Five volunteers worked Monday night to decorate the Christmas tree at the Family Counseling Center at 165 Main St. The purple ornaments were hand-lettered with the names people in Central New York who have died of a drug overdoses.
The purpose of 607-315 Healing Hearts: To remember and honor them.
“This is to bring awareness to the problem,” said Dean O’Gorman, who lost his son Spencer to overdose in 2017. “Each name has been read out loud. Then we put them on the tree. We do want to hear our children’s names. It’s part of the healing process.”
The group put up about two dozen ornaments on the tree in Cortland; on another tree in Syracuse, they put up 58 ornaments. The volunteer group covers a five-county area, including Cortland, Onondaga, Oswego, Madison and Cayuga counties, O’Gorman said.
The larger purpose of the group’s efforts is to raise awareness about the pervasiveness of drug addiction. Four people in Cortland County died of opioid overdose in 2018, state data show. Naloxone, which staves off an opioid overdose, was administered 27 times.
Both numbers are down from 2017, when state data show 14 people died and naloxone was administered 39 times.
“It affects everybody,” said volunteer Kevin Russell.
“Upper class, lower class — it affects everybody,” said O’Gorman.
They also seek to catch the attention of other parents who, like them, have lost adult children to overdose.

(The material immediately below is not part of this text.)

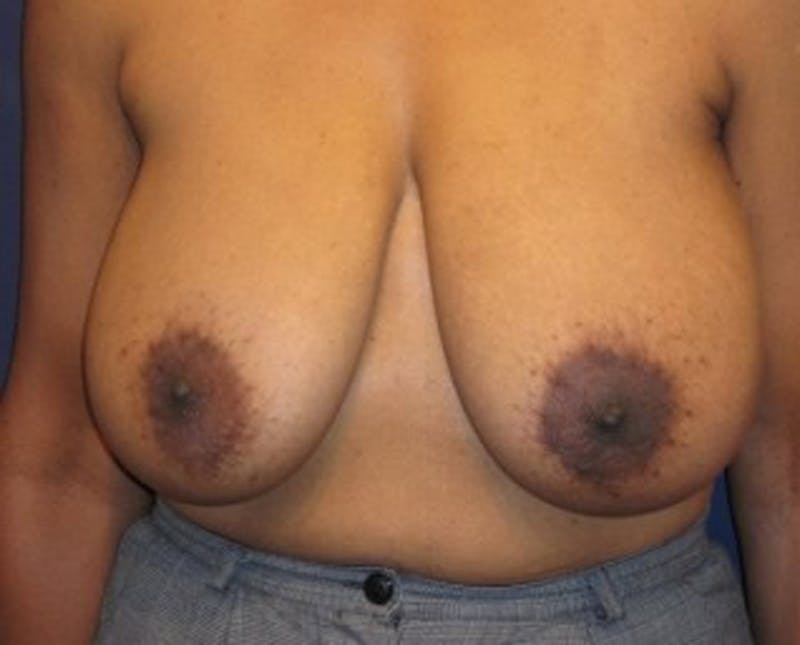Breast Reduction Before & After Gallery - Patient 174149975 - Image 1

Like Karlene Shafer, who lost her daugher Nicole Sherman to overdose in 2017. Shafer said friends pointed her to the Parents Grief Group that meets twice monthly at Cortland Prevention Resources, and she has been a member of the group ever since.
“The hardest part is getting to the first meeting,” said O’Gorman, who is also a member. “It’s as much comforting as it is heart-breaking.”
Monday’s ceremony was sponsored by 607-315 Healing Hearts with support from Cortland Prevention Resources and the Prevention Network of Syracuse.
“We couldn’t do this without them,” O’Gorman said.
The tree was donated three years ago by Lowe’s Home Improvement in Cortlandville.